The problem will likely get worse as secondary cities, especially in African countries, are expected to double or even triple in population over the next 15 to 25 years. This means large infrastructure and service shortfalls, few opportunities for economic growth, and rising urban poverty.
A Global Study on Secondary Cities
In order to draw attention to the issue, the Cities Alliance made secondary cities the theme of our participation at the World Urban Forum, with the pre-launch of an important new global study on the issue and a high-profile networking event.
The timing is perfect. International development agencies are beginning to show an interest in supporting the development of secondary cities; however, there is little credible scholarship on the issue. To help close that knowledge gap, the Cities Alliance commissioned a global study on the systems of secondary cities in five regions and 16 countries, titled The System of Secondary Cities, which is expected to be published in September.
“Secondary Cities are asset rich and cash poor. How to better use these assets is a key for development.”

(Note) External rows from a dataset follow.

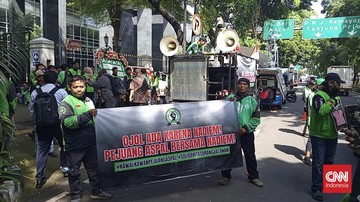 Driver Gojek Gelar Aksi Kawal Sidang Dakwaan Nadiem di PN Jakpus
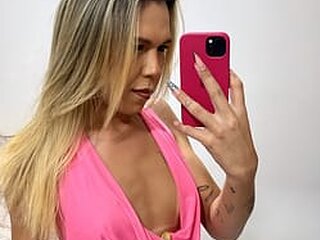 Yasmin T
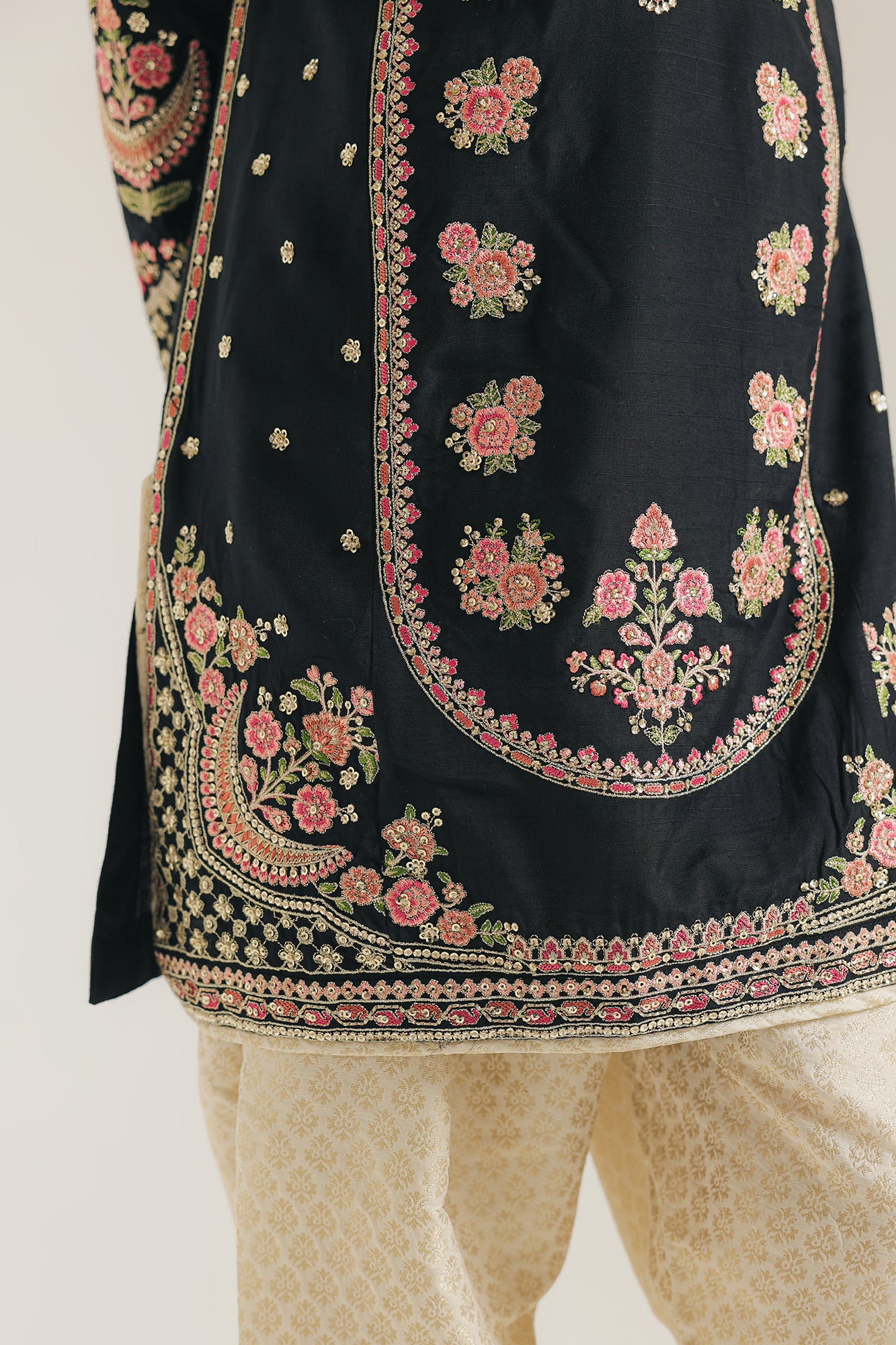 EMBROIDERED SUIT (E0810/404/9020 - Image 6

--Dr. Brian Roberts, Author of The System of Secondary Cities
Undertaken by Land Equity International Australia, the study examines the role secondary cities play in the development of global regions and nations, and how countries have approached urbanisation, decentralisation and other issues to support the development of a balanced system of cities.
The System of Secondary Cities will be formally launched in September 2014, but to mark WUF the Cities Alliance released a CIVIS knowledge product introducing some of the study’s key findings, and their potential benefits for economic development.
And they are startling. The study argues that with a more efficient system of secondary cities, many poor cities and rural regions could double or even triple their GDP. Small and medium-sized cities can facilitate the localised production, transportation, and transfer of goods and services throughout a country.
They can also enable other substantial economic benefits, including: industry agglomeration, localised supply chains and networks, a diverse economic and employment base, and a broad housing mix.
Sparking Discussion at WUF
These issues and others were the centre of a lively networking event at WUF on “Secondary Cities- Key links for equitable and sustainable city system,” organised by the Cities Alliance Secretariat in collaboration with the Inter-American Development Bank (IADB).
Chaired by Clare Short, former UK Secretary of State for International Development, the event attracted over 120 participants and featured panelists that included representatives from the National Planning Department Colombia, United Cities and Local Governments (UCLG) and the IADB.
Based on key inputs provided by Prof Brian Roberts from the University of Canberra, author of the The Systems of Secondary Cities, the discussion culminated in an agreement that the role of secondary cities is mostly overlooked in contemporary development approaches – a missed opportunity, because these cities can turn out to be crucial drivers of urbanising and thriving economies.
The discussion explored challenges that secondary cities are facing and some recommendations for how to address them. Key recommendations are:
- National policies can play an especially important role in supporting the development of secondary cities. Countries that implement urbanisation policies to improve the development of the national system of cities tend to be much more successful in managing urbanisation, city development, and ensuring equity between cities than countries that allocate a disproportionate amount of their public resources to the development of one or two large cities.
- Decentralisation helps as well; the more autonomy secondary cities have, the more competitive, dynamic, and self-sufficient they are likely to be.
- Economic competition between cities can help them learn how to be more competitive at the regional or global level. National governments can National governments can encourage competition between cities and assist them in enhancing their governance efficiency and business competitiveness.
Throughout the debate, participants highlighted that any focus on secondary cities should not exclude the role of primary cities or large metropolitan areas. Rather, it is important to focus on developing a balanced system that taps the potential of both primary and secondary cities.